MATERIALS PROVIDED:
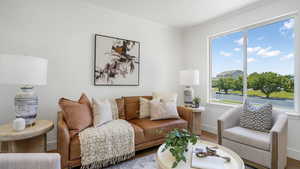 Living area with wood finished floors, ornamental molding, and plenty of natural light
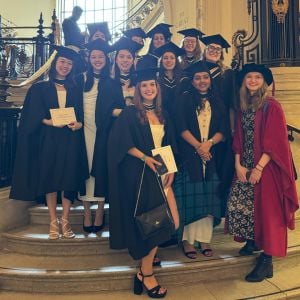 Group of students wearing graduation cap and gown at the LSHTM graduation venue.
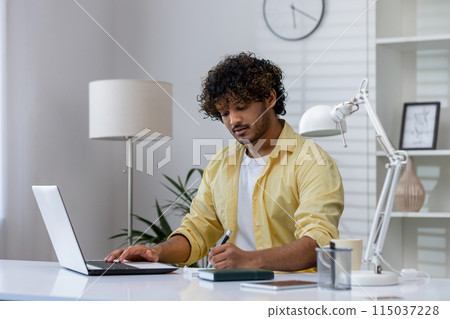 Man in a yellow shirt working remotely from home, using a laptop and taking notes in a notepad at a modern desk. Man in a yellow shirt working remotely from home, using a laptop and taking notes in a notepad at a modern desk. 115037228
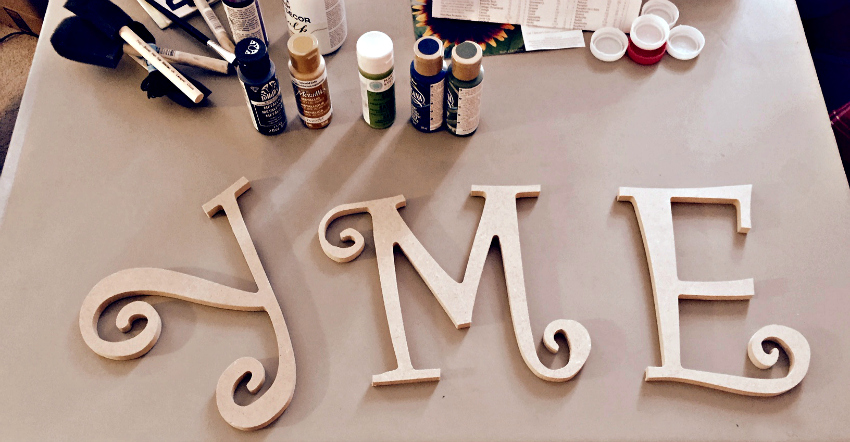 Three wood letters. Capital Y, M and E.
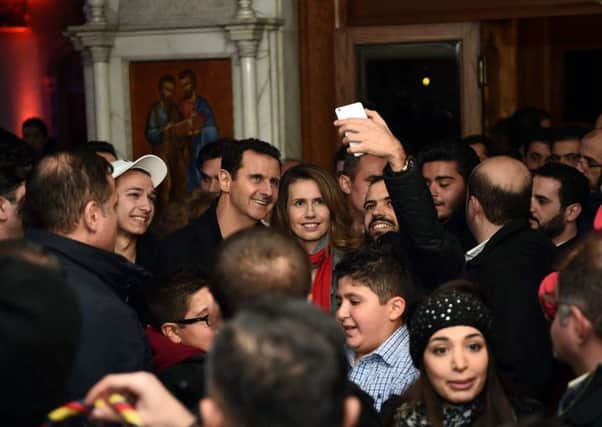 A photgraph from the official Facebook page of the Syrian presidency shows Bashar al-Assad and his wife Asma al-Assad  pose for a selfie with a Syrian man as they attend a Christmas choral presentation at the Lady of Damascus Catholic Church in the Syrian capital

==

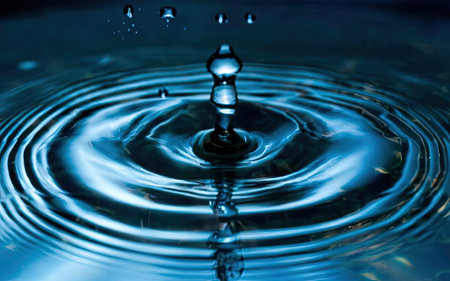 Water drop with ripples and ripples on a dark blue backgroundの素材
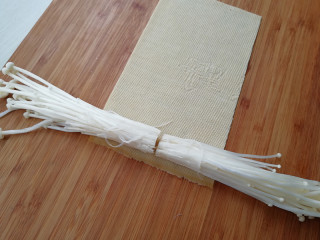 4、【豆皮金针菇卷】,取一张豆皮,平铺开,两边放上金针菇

--

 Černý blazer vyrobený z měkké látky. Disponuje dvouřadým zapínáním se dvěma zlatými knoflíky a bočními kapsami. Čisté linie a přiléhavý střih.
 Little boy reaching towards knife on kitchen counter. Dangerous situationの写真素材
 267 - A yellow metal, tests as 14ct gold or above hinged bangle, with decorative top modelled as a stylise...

EXERCISE: Within the listing above, find the line containing "Living area with" and the line containing "Three wood letters. Capital Y, M and E.". Transcribe them and everything between them exactly, leaving out the pictures.

ANSWER BOX:
 Living area with wood finished floors, ornamental molding, and plenty of natural light
 Group of students wearing graduation cap and gown at the LSHTM graduation venue.
 Man in a yellow shirt working remotely from home, using a laptop and taking notes in a notepad at a modern desk. Man in a yellow shirt working remotely from home, using a laptop and taking notes in a notepad at a modern desk. 115037228
 Three wood letters. Capital Y, M and E.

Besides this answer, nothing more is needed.